Home » Blogs » AMD lab notes » GPU-aware MPI with ROCm

GPU-aware MPI with ROCm

MPI is the de facto standard for inter-process communication in High-Performance Computing. MPI processes compute on their local data while extensively communicating with each other. This enables MPI programs to be executed on systems with a distributed memory space e.g. clusters. There are different types of communications supported in MPI including point-to-point and collective communications. Point-to-point communication is the basic communication mechanism in which both the sending process and the receiving process take part in the communication. The sender has a buffer that holds the message and an envelope containing information that will be used by the receiver side (e.g., message tag, the sender rank number, etc.). The receiver uses the information in the envelope to select the specified message and stores it in its receiver buffer. In collective communication, messages can be exchanged among a group of processes rather than just two of them. Collective communication provides opportunities for processes to perform one-to-many and many-to-many communications in a convenient, portable and optimized way. Some examples of collective communications include broadcast, allgather, alltoall, and allreduce.

GPU-aware MPI

Nowadays, many MPI applications support execution on GPU clusters. In these applications, the compute-intensive portion of the code is offloaded and accelerated on the GPU, also known as device. When it comes to MPI communication, the MPI processes need to communicate data that resides in GPU buffers. GPU-Aware MPI provides the opportunity to pass GPU buffers to MPI calls. This removes the burden of staging the GPU buffers through host memory for the programmers and enables them to develop a more readable and concise application. Moreover, it can make the application run more efficiently by taking advantage of acceleration technologies such as ROCm RDMA (Remote Direct Memory Access). ROCm RDMA enables third-party devices, such as the Mellanox Infiniband HCA (Host Channel Adapter), to have a direct peer-to-peer data path with GPU memory without host intervension. Most well-known MPI implementations including OpenMPI, MVAPICH2, and Cray MPICH support GPU-Aware communication.

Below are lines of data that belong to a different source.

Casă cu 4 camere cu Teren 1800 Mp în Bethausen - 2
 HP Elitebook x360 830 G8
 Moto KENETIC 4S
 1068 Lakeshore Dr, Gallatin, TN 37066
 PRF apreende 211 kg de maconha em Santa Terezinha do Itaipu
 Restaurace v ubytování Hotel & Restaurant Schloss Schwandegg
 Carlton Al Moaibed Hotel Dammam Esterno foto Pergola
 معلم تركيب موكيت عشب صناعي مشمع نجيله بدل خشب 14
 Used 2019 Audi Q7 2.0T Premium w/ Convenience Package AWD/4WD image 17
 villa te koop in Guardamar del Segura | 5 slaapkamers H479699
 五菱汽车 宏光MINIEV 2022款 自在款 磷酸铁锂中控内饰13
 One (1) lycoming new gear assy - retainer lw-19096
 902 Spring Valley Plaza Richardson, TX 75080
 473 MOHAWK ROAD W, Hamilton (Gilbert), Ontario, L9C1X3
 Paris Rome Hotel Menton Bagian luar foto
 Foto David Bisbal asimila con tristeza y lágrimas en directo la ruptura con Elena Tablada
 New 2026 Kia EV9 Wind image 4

The following code shows a simple GPU-Aware point-to-point communication example:

Copied!

#include <stdio.h>
#include <hip/hip_runtime.h>
#include <mpi.h>

int main(int argc, char **argv) {
  int i,rank,size,bufsize;
  int *h_buf;
  int *d_buf;
  MPI_Status status;

  bufsize=100;

  MPI_Init(&argc,&argv);
  MPI_Comm_rank(MPI_COMM_WORLD, &rank);
  MPI_Comm_size(MPI_COMM_WORLD, &size);

  //allocate buffers
  h_buf=(int*) malloc(sizeof(int)*bufsize);
  hipMalloc(&d_buf, bufsize*sizeof(int));

  //initialize buffers
  if(rank==0) {
    for(i=0;i<bufsize;i++)
      h_buf[i]=i;
  }

  if(rank==1) {
    for(i=0;i<bufsize;i++)
      h_buf[i]=-1;
  }

  hipMemcpy(d_buf, h_buf, bufsize*sizeof(int), hipMemcpyHostToDevice);

  //communication
  if(rank==0)
    MPI_Send(d_buf, bufsize, MPI_INT, 1, 123, MPI_COMM_WORLD);

  if(rank==1)
    MPI_Recv(d_buf, bufsize, MPI_INT, 0, 123, MPI_COMM_WORLD, &status);

  //validate results
  if(rank==1) {
    hipMemcpy(h_buf, d_buf, bufsize*sizeof(int), hipMemcpyDeviceToHost);
    for(i=0;i<bufsize;i++) {
      if(h_buf[i] != i)
        printf("Error: buffer[%d]=%d but expected %d\n", i, h_buf[i], i);
      }
    fflush(stdout);
  }

  //free buffers
  free(h_buf);
  hipFree(d_buf);
	
  MPI_Finalize();
}

As can be seen in the code, we are passing the GPU buffer (d_buf) to MPI_Send and MPI_Recv calls. This buffer is allocated on GPU with hipMalloc.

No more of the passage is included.